Quando o cinema se fez corpo, na passagem do transatlântico todo iluminado, realidade e fantasia se fundiram de vez. O lugar para isso não poderia ser mais mágico: a mansa Baía de Todos os Santos, em frente à prainha onde há séculos Tomé de Souza aportou com sua comitiva para fundar a cidade do Salvador. Antes mesmo do nosso encalhe, eu já experimentava uma mescla de níveis de percepção entre o presente, o passado histórico e a minha própria memória, ao sabor dos reflexos da luz do Farol da Barra nas águas escuras da noite recente. Mas, embora este seja um relato impressionista, deve ter um início.

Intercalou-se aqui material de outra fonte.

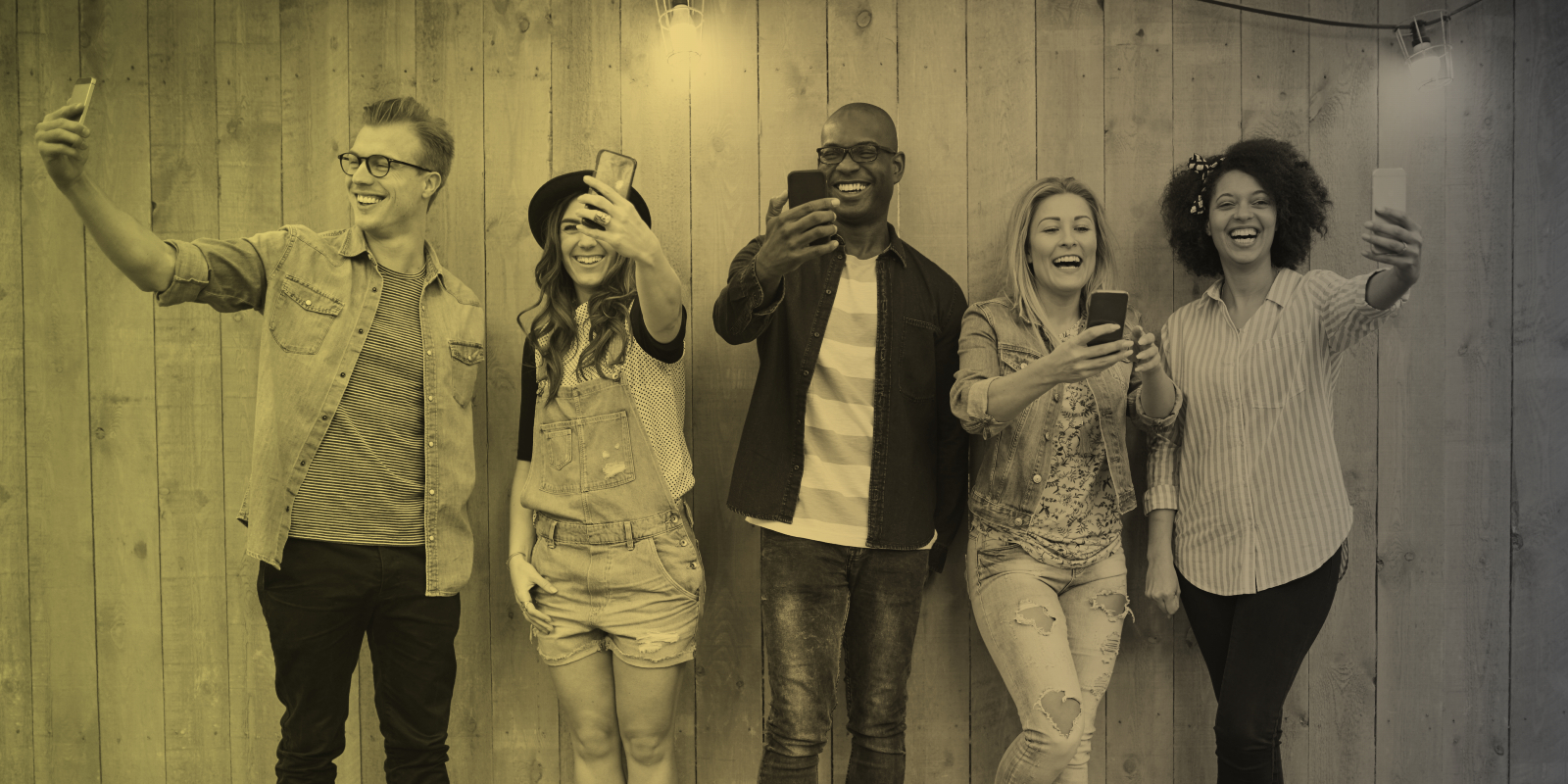 Marketers take photos against a woodgrain wall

E tudo começa de tardezinha, com nosso embarque na lancha pilotada pelo Chico, meu cunhado. Nós, uns poucos amigos, nos abastecemos de cervejas e salgadinhos e fomos apreciar do mar o nunca repetido espetáculo do poente. A âncora foi baixada em local estratégico, defronte à mítica praia do Porto da Barra, onde até hoje malucos e poetas aplaudem o pôr-do-sol.

O Chico cuidou de respeitar o limite determinado pela guarda costeira para o trânsito de barcos, e lá ficamos, à flor d’água, inebriados de luz e mar. Eu nunca tinha visto a cidade daquela perspectiva: os coqueiros ao redor da Igreja de Santo Antônio, o Forte de Santa Maria, o Farol, os banhistas indiferentes ao cair da noite. Ah, era véspera do Dia de Iemanjá, senhora daquelas águas.

Sol se foi, noite veio, a gente ali, sem querer mais sair, mas chegou a hora de voltar. Lancha ligada, âncora acionada para subir – e nada. Algo nos prendia, embaixo d’água. O Chico girava o leme, e nada de a lancha sair do lugar. Descoberta: a âncora esta enroscada em algum cabo submarino! Estávamos encalhados!

Se é verdade que o tempo na Bahia flui em outro ritmo, cuidamos de sossegar, enquanto o piloto acionava o pessoal da marina. Logo viria um mergulhador, negro filho de Netuno, para nos libertar daquela doce prisão. E foi nessa espera que passou o transatlântico iluminado, ali perto. Delírio! Amarcord de Fellini! Uma bênção!

Dia seguinte, despejei seiva de alfazema no mar, na Festa de Iemanjá. Gratidão pelo presente da véspera.